I agree that suicide is neither selfish nor cowardly. Personally, I also don't see it as courageous. It doesn't have to be labeled any of those things, it just needs to be understood and those that label it selfish and/or cowardly do not understand.
You said that the deep depression that leads to suicide is so deep that one feels nothing. As I understand it, the professionals label that state anhedonia--the lack of ability to feel any pleasure from anything in life. It seems you may have been there but that your niece's call snapped you out of it--you were able to feel her love.
That story of the call coming at just the right time and it being the hand of god, or perhaps a guardian angel that prompted her to call, reminds me of this anecdote that I have included in a few of my stories and I'm sure you recall it and I am dropping it here to help others:
"During my first and mostly forgotten foray into the 12-Stepverse [way back in 1996], the rehab took us to a “meeting.” The speaker told the story of his suicidal ideation. He had terrible insomnia along with alcoholism. He would stay up nights, drinking in his basement, planning his family-annihilation-suicide. He spent many a night meticulously planning for and rigging the boiler to explode to take out himself, his wife, and his children as his loved ones slept. Then, the night he was ready to pull the switch — he fell asleep.

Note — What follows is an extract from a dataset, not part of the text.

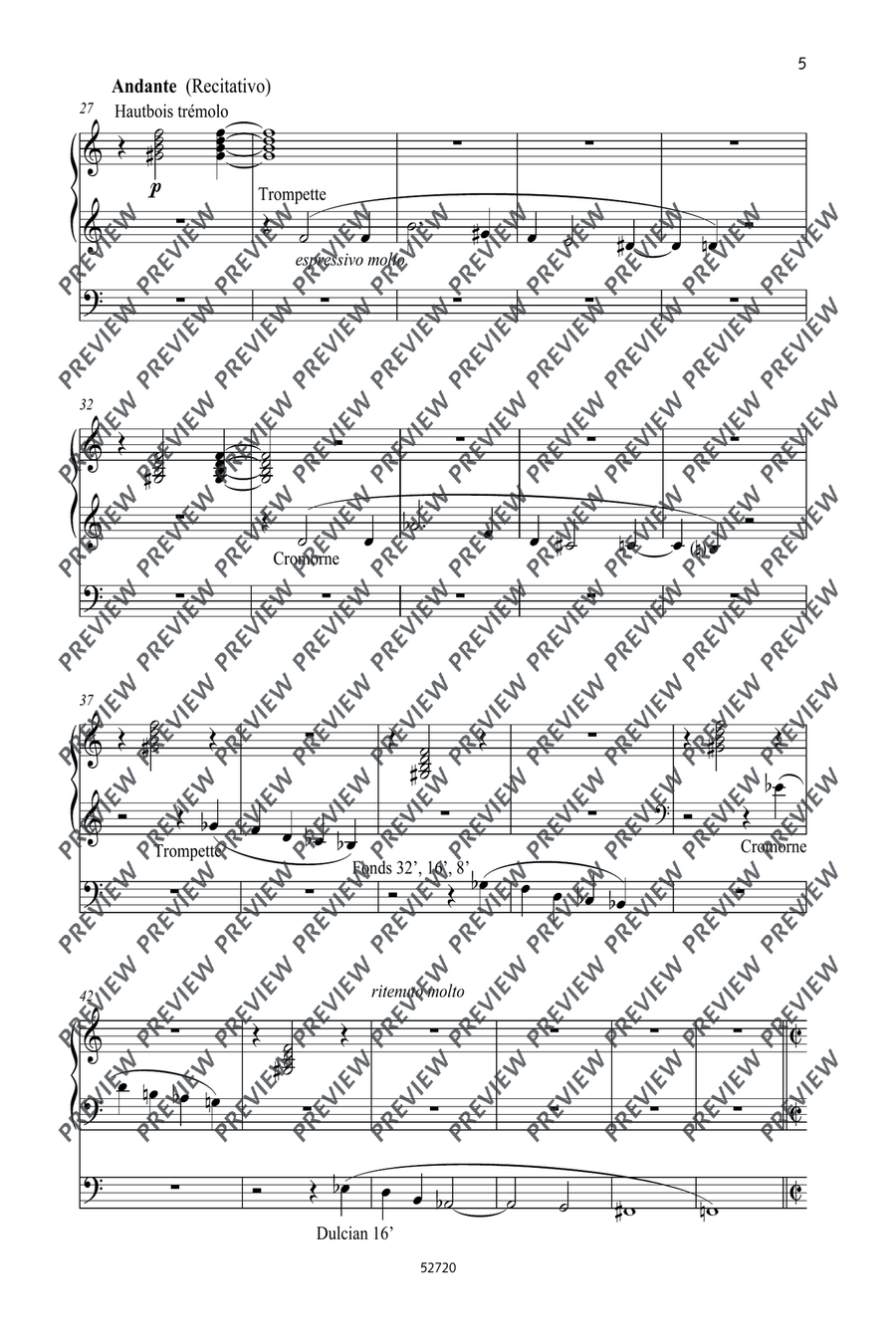 Prometheus Organ scores gallery preview page 6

Listening to him tell that story was the first time I felt the follicle-exciting surge of energy pulsing through my body that announces the presence of entities from the “other side.” It was the first time I felt the presence of God in my life. A presence I later forgot about for too long, but God never forgot about me."

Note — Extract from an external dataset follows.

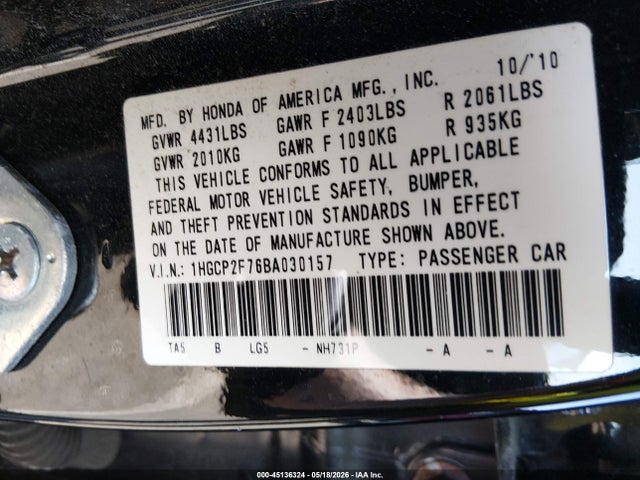 Honda Accord 2.4 Ex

I want to add that many people who have lost loved ones to suicide blame themselves for not making a call like your niece did, and they absolutely should not blame themselves. When a suicide is successful there is nothing anyone could have done to stop it. Our dates of death, but not the how, are "written" before we are ever born. That is why suicide is pointless and worse, very harmful to the loved ones left behind, particularly children.